At all meetings of the Board, a majority of the Whole Board shall constitute a quorum for the transaction of business. If a quorum shall fail to attend any meeting, a majority of those present may adjourn the meeting to another place, date or time without further notice thereof. Notice of such adjourned meeting need not be given if the time and place of such adjourned meeting are announced at the meeting so adjourned. Except as otherwise provided herein or in the Certificate of Incorporation, or required by law, the vote of a majority of the directors present at a meeting at which a quorum is present shall be the act of the Board.

 

2.7 Organization.

 

Meetings of the Board shall be presided over by (a) the Chairperson of the Board, or (b) in such person’s absence, the Lead Independent Director, or (c) in such person’s absence, by the Chief Executive Officer, or (d) in such person’s absence, by a chairperson chosen by the Board at the meeting. The Secretary shall act as the secretary of the meeting, but in such person’s absence the chairperson of the meeting may appoint any person to act as the secretary of the meeting.

 

2.8 Unanimous Action by Directors in Lieu of a Meeting.

 

Unless otherwise restricted by the Certificate of Incorporation or by these Bylaws, any action required or permitted to be taken at any meeting of the Board, or of any committee thereof, may be taken without a meeting if all members of the Board or such committee, as the case may be, consent thereto in writing or by electronic transmission, and the writing or writings or electronic transmission or transmissions are filed with the minutes of proceedings of the Board or committee, as applicable. Such filing shall be in paper form if the minutes are maintained in paper form and shall be in electronic form if the minutes are maintained in electronic form.

 

2.9 Powers.

 

Except as otherwise provided by the Certificate of Incorporation or the DGCL, the business and affairs of the Corporation shall be managed by or under the direction of the Board.

 

2.10 Compensation of Directors.

 

Members of the Board, as such, may receive, pursuant to a resolution of the Board, fees and reimbursement of expenses and other compensation for their services as directors, including without limitation their services as members of committees of the Board.

 

Article III
COMMITTEES

 

3.1 Committees.

 

The Board may designate one (1) or more committees, each committee to consist of one (1) or more of the directors of the Corporation. The Board may designate one (1) or more directors as alternate members of any committee, who may replace any absent or disqualified member at any meeting of the committee.

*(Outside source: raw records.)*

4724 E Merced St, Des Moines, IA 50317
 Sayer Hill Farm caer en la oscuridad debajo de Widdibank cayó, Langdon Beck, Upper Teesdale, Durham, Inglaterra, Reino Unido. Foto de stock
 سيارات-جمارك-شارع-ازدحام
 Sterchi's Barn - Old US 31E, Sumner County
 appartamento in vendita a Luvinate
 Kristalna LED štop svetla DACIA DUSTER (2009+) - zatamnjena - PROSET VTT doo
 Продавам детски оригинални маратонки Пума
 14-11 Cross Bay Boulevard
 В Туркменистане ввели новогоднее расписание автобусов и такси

In the absence or disqualification of a member of the committee, the member or members thereof present at any meeting of such committee who are not disqualified from voting, whether or not such member or members constitute a quorum, may unanimously appoint another member of the Board to act at the meeting in place of any such absent or disqualified member. Any such committee, to the extent provided in a resolution of the Board, shall have and may exercise all the powers and authority of the Board in the management of the business and affairs of the Corporation and may authorize the seal of the Corporation to be affixed to all papers that may require it, but no such committee shall have the power or authority in reference to the following matters: (a) approving, adopting or recommending to the stockholders any action or matter (other than the election or removal of members of the Board) expressly required by the DGCL to be submitted to stockholders for approval or (b) adopting, amending or repealing any bylaw of the Corporation.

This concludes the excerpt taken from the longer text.